#### [ACTIVITY]
Reproduce the lines below exactly. Begin with the first, end with the line containing "8632_100_IceCream6_CREDITGarrisonMcArthurPhotographers_FEAT", and leave out the pictures.

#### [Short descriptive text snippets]
※

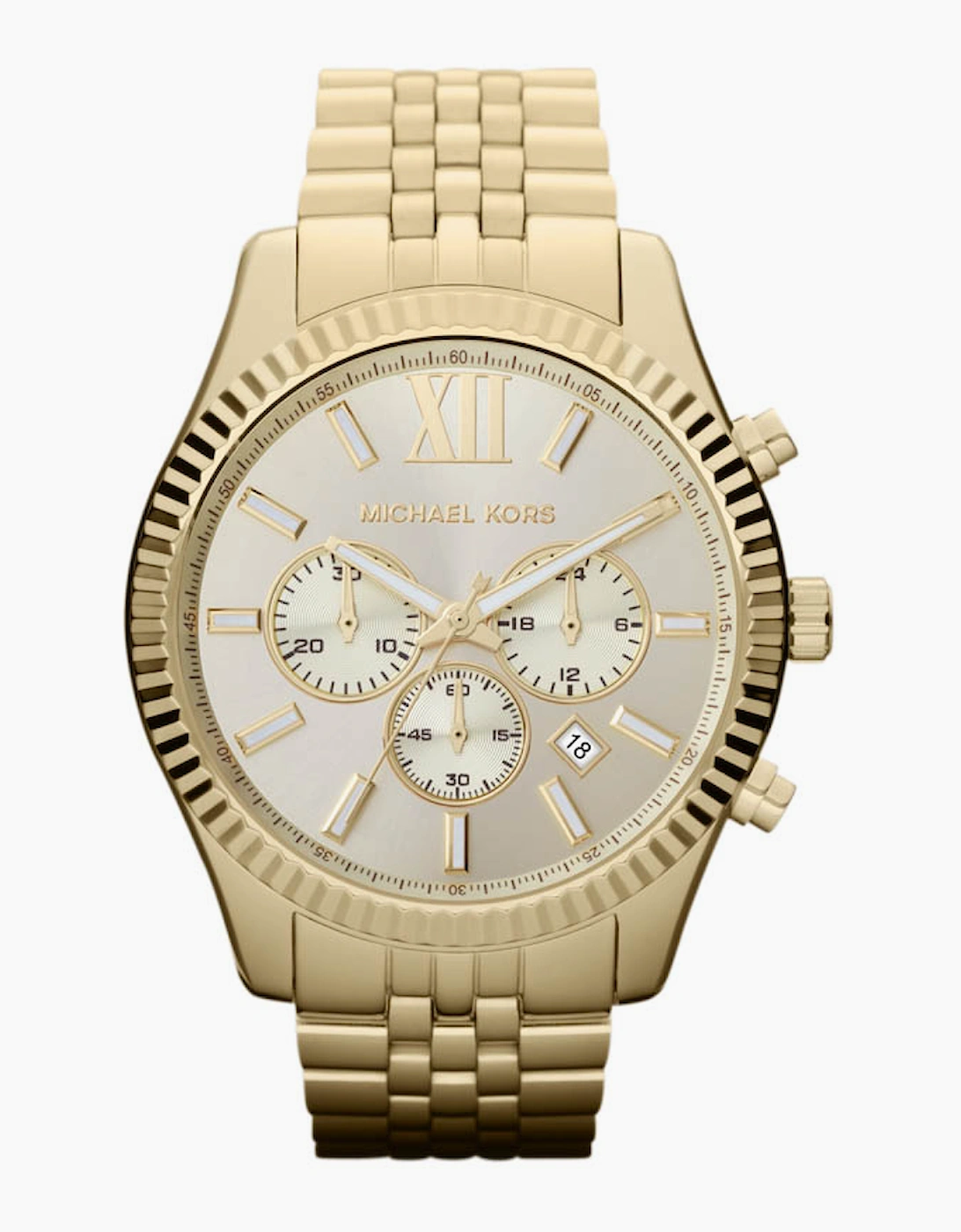 Michael kors MK8281 WATCH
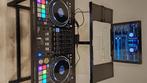 ..PIONEER DDJ 1000 SRT..ÉTAT NEUF..CONTRÔLEUR( SERATO DJ PRO, Musique & Instruments, DJ sets & Platines, Comme neuf, DJ-Set, Pioneer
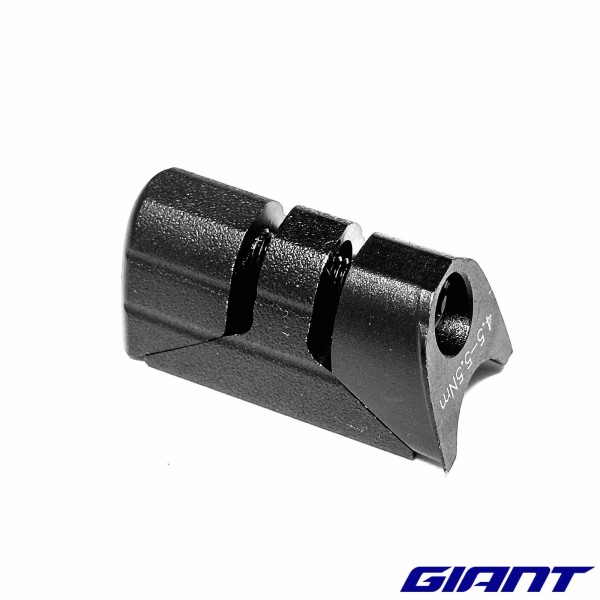 Serrage de tige de selle pour GIANT Propel et LIV Enviliv depuis 2023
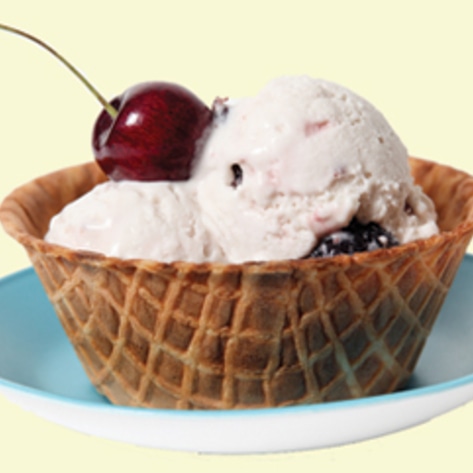8632_100_IceCream6_CREDITGarrisonMcArthurPhotographers_FEAT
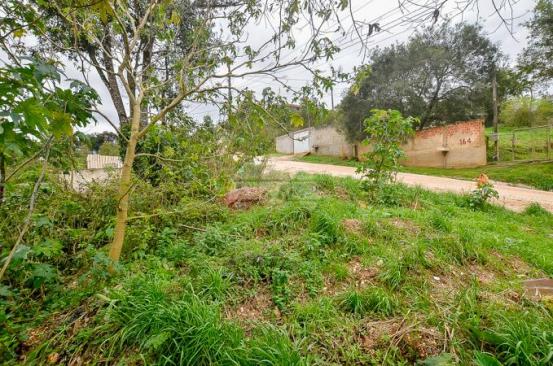 Terreno à venda em Jardim do rocio, Almirante tamandaré cod:154410 - Foto 18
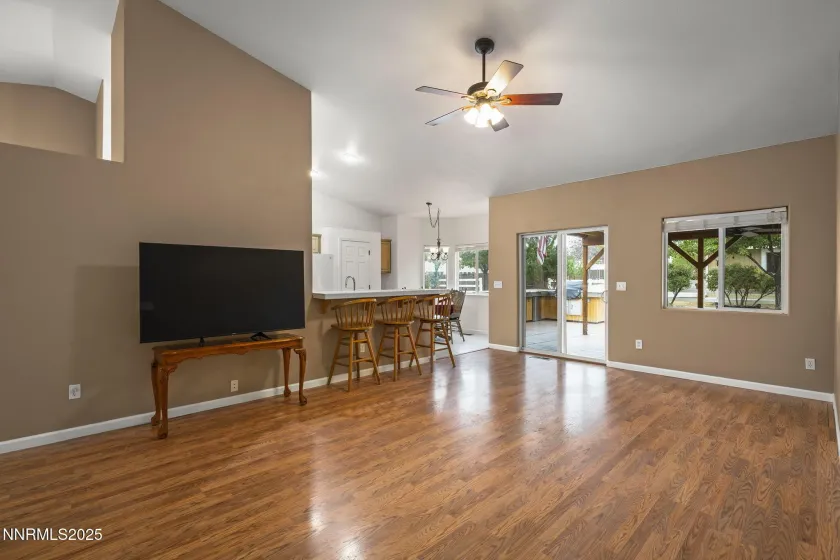 39 Marilyn Mae, Sparks, Nevada 89441, 4 Bedrooms Bedrooms, ,3 BathroomsBathrooms,Residential,Residential,Marilyn Mae,250057038
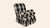 Contemporary Pepper Sofia Lounge Chair by Ceraudo For Sale - Image 3 of 7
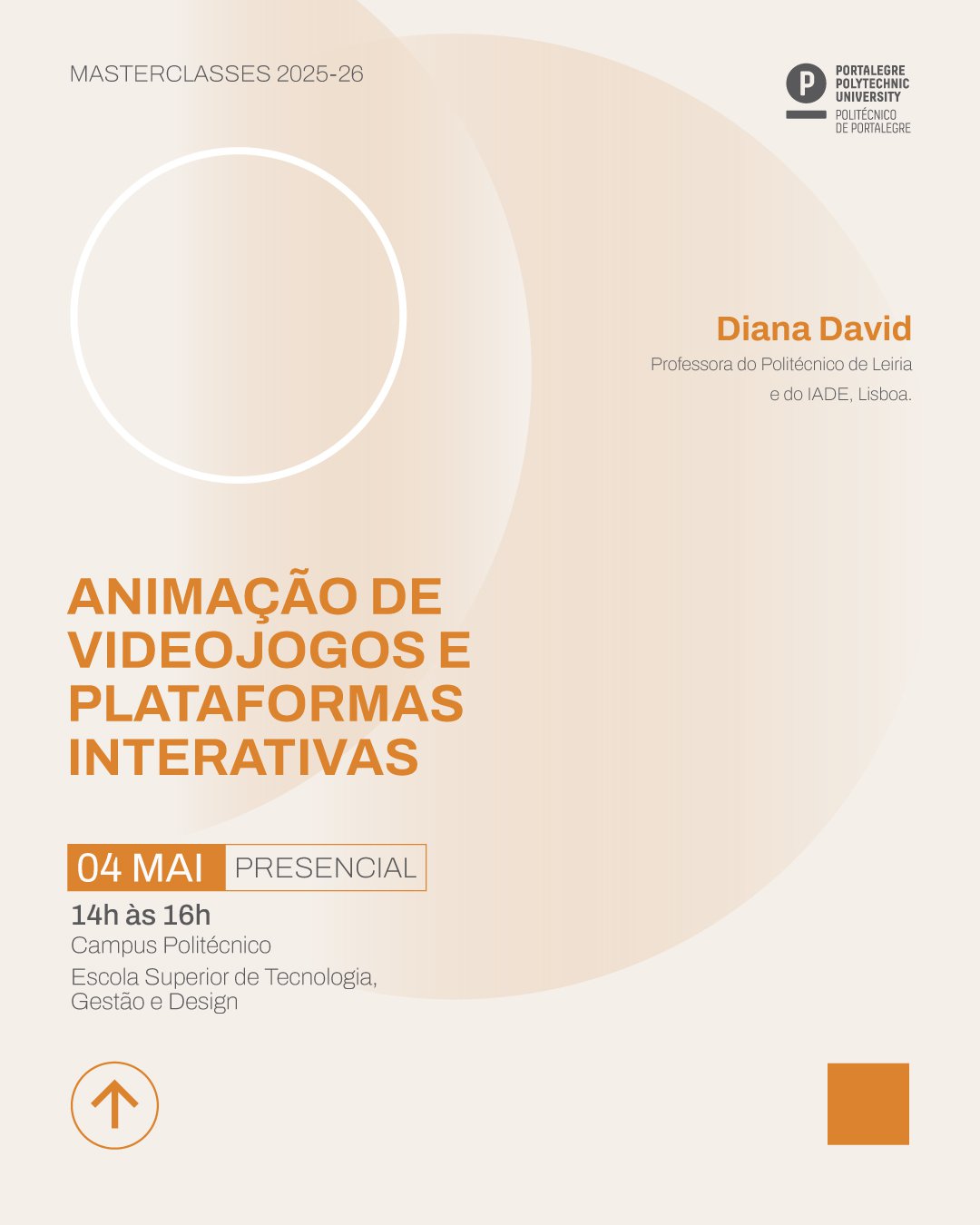 MASTERCLASSES_4-de-maio.jpg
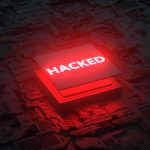 Spolzino Termosanitari-ransomware-violazione informatica
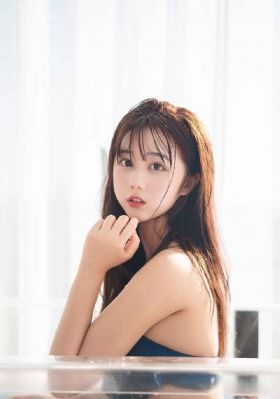 我的极品总裁老婆免费视频全集_国产剧在线观看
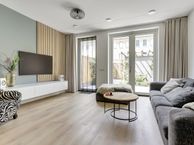 Hudsonstraat 22, 4812 HC Breda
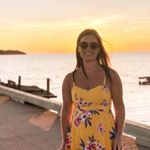 Profile Picture of Jenna Chisholm (@jennachis) on Instagram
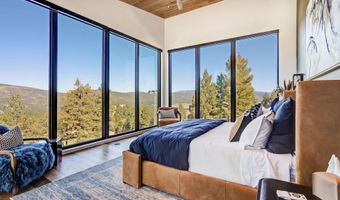 171 El Camino Real, Angel Fire, NM 87710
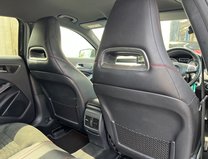Mercedes-Benz GLA (Sold) 2.1 GLA200d AMG Line SUV 5dr Diesel Manual Euro 6 (s/s) (136 ps) 17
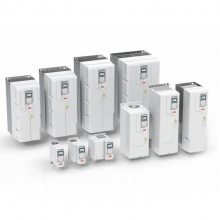 ԭװABBƵ132KWˮרཻACS530-01-246A-4ͨ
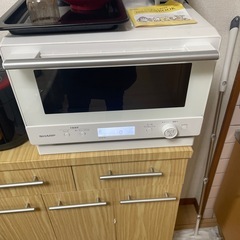 引越しするため不要品引き取りに来れる方の画像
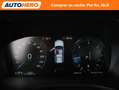 Volvo V60 2.0 B4 Mild-Hybrid Momentum Pro Gris - thumbnail 26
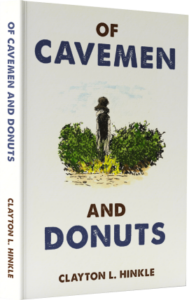 Paperback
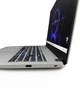 Ноутбук Acer Aspire A515-43 15.6” Full HD / AMD Ryzen 3 3200U / 10GB RAM / SSD 256GB / Radeon Vega 3 / Windows 11 - Б/В - зображення 4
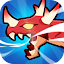 Fury Battle Dragon (2022)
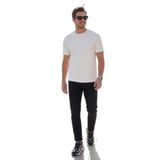 Buratti Pantolon Erkek PANTOLON 5901C83MILANO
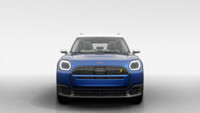 Bienvenue chez MINI Montréal Centre, votre concessionnaire MINI Engine: MOTEUR ÉLECTRIQUE Safety Equ... (image 2)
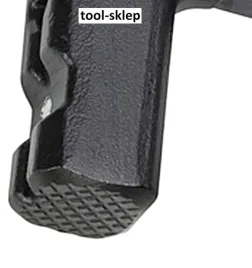 mlotek-ciesielski-picard-z-magnesem-060-kg-z-antyposlizgowym-uchwytem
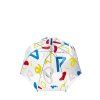 Deštník UMBRELLA JUNIOR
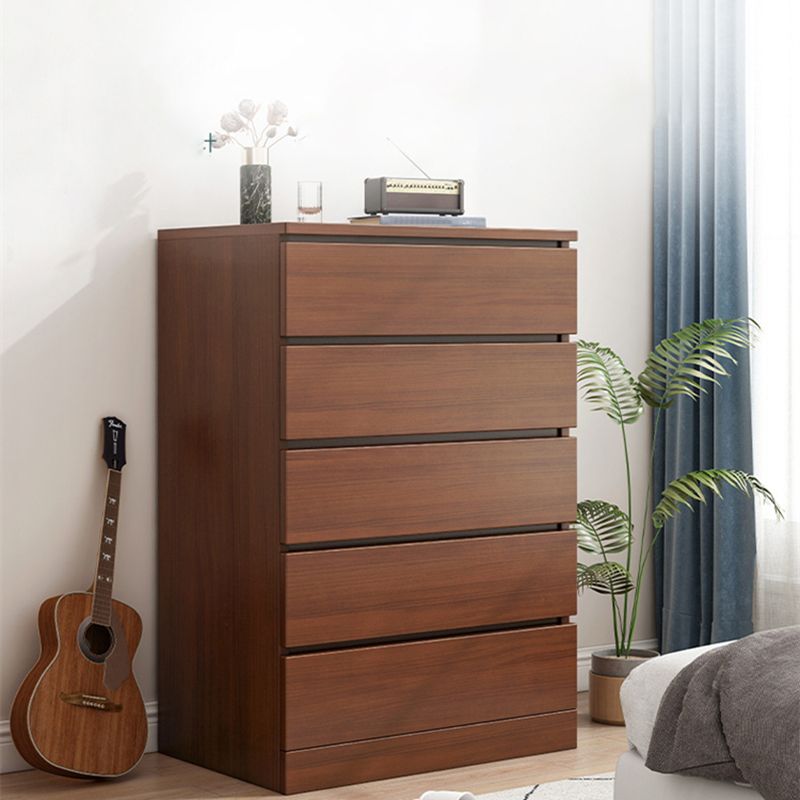 15.99-inch W Manufactured Wood Storage Chest Contemporary Dresser Clearhalo 'Bedroom Furniture' 'Dressers & Chests' 'dressers_chests' 'furn' 'furn_dressers_chests' 'Furniture' 1200x1200_2ca95ee5-30de-4ba3-95e9-489602b47d27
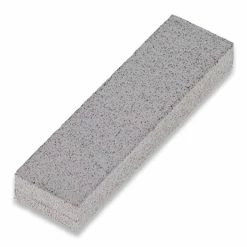 Lansky Eraser Block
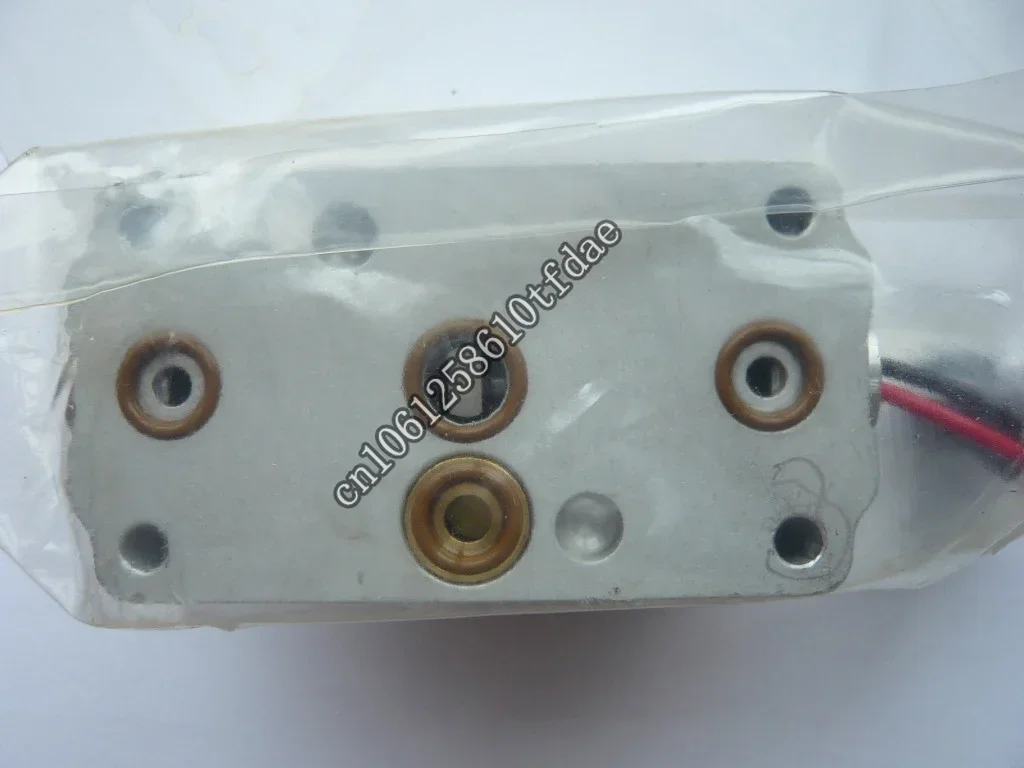 Sauer Dan-foss MCV Series Pressure Control Pilot Valve MCV116A1101 MCV116A3102 MCV116A3203 MCV116A3501 Hydraulic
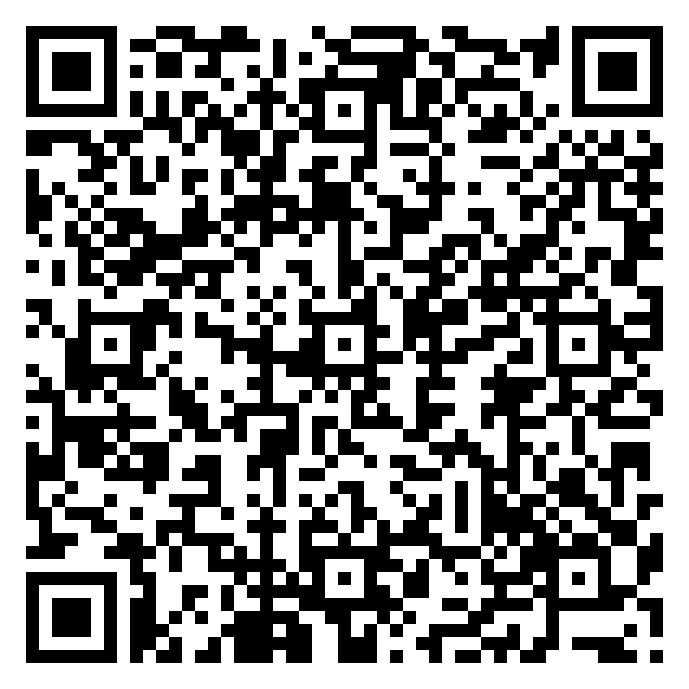 kod QR z danymi kontaktowymi 38073449500000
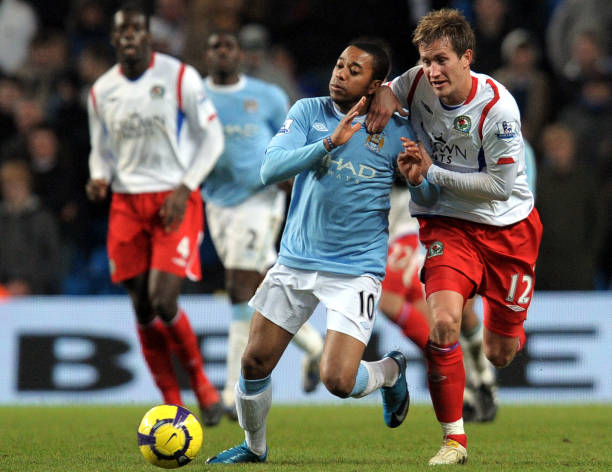 若能在决赛 若能在决赛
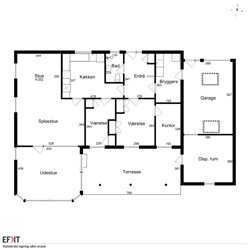 Hostrupvej 25, 5771 Stenstrup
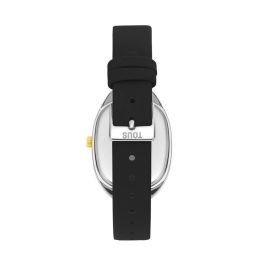 Reloj Hombre Tous 3000136300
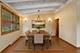 2400 Hyde Park, Waukegan, IL 60085
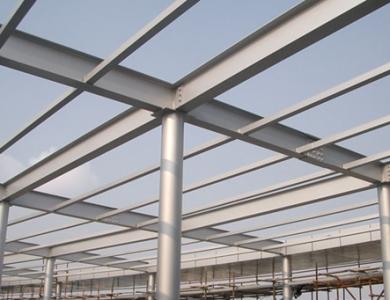 䓽Y����̼��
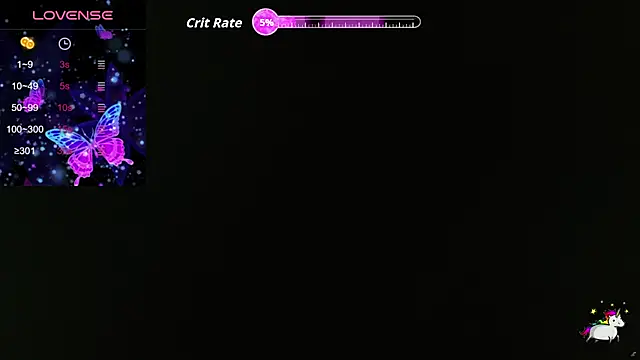 Snapshot of TRIXIE_TANG28 chatting on 16, 9, 2025 TRIXIE TANG28 online show from 16, 9, 2025
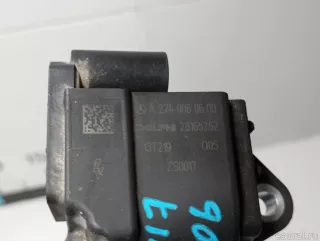 2749060600 Mercedes Benz Катушка зажигания Mercedes CLA c117 Арт E31656406, вид 5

※

#### [RESPONSE BOX]
 Michael kors MK8281 WATCH
 ..PIONEER DDJ 1000 SRT..ÉTAT NEUF..CONTRÔLEUR( SERATO DJ PRO, Musique & Instruments, DJ sets & Platines, Comme neuf, DJ-Set, Pioneer
 Serrage de tige de selle pour GIANT Propel et LIV Enviliv depuis 2023
8632_100_IceCream6_CREDITGarrisonMcArthurPhotographers_FEAT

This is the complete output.